Very few pests have been reported as affecting the cashew. Father Tavares 2 mentions a fungus parasite which attacks the branchlets, leaves, and flowers at Bahia, Brazil. The redbanded thrips (Heliothrips rubrocinctus
Giard.) sometimes attacks the tree in the West Indies. H.
Maxwell-Lefroy mentions two other species of thrips which have been
found on the cashew in Mysore, India: these are Idolothrips halidaji Newm. and Phloeothrips anacardii Newm.(?).
Seedling
cashew trees differ in the character and quantity of fruit they yield.
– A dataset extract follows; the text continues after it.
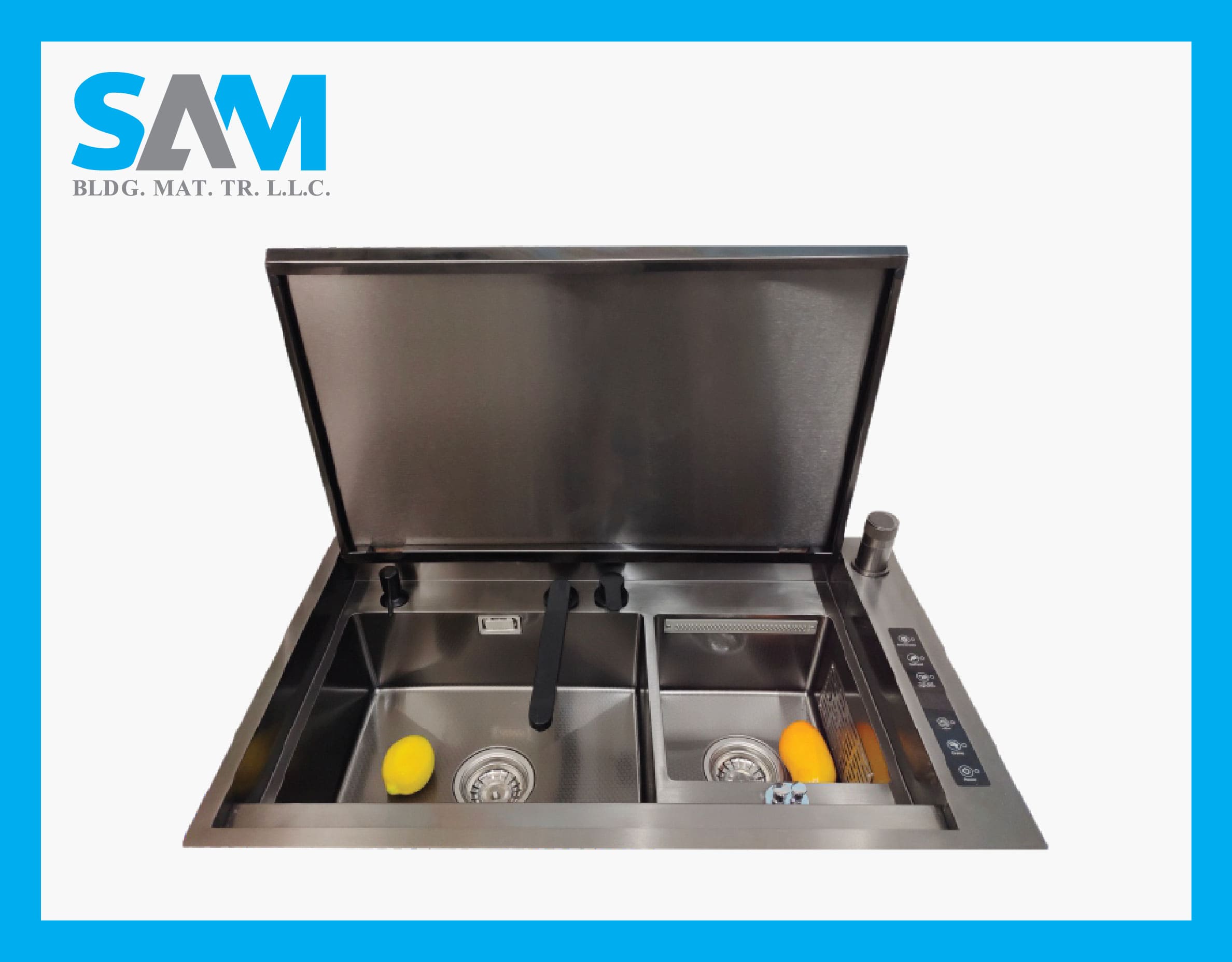 MT 8250HUDB Kitchen Sink Sama Al Merikh BMT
In Brazil the trees which produce the largest and finest fruits are
distinguished with varietal names. Some of these trees acquire local
reputations.
Recently P. J. Wester has shown that the cashew can
be shield-budded. By employing this method, it is easily possible to
propagate choice varieties originating as chance seedlings. The reader
is referred to Wester's publication " Plant Propagation in the
Tropics," 2 one of the most valuable contributions which have been made
to tropical pomology.
The method of budding the cashew is
essentially the same as that described in the chapter on the avocado.
Wester says in brief: "Use nonpetioled, mature budwood which is turning
grayish; cut the bud 1 1/2 to 1 3/4 inches long; insert the bud in the
stock at a point of approximately the same age and appearance as the
cion."
1 Boletim do Museu Goeldi, 1904. 2 In Broteria, xiv, January, 1916.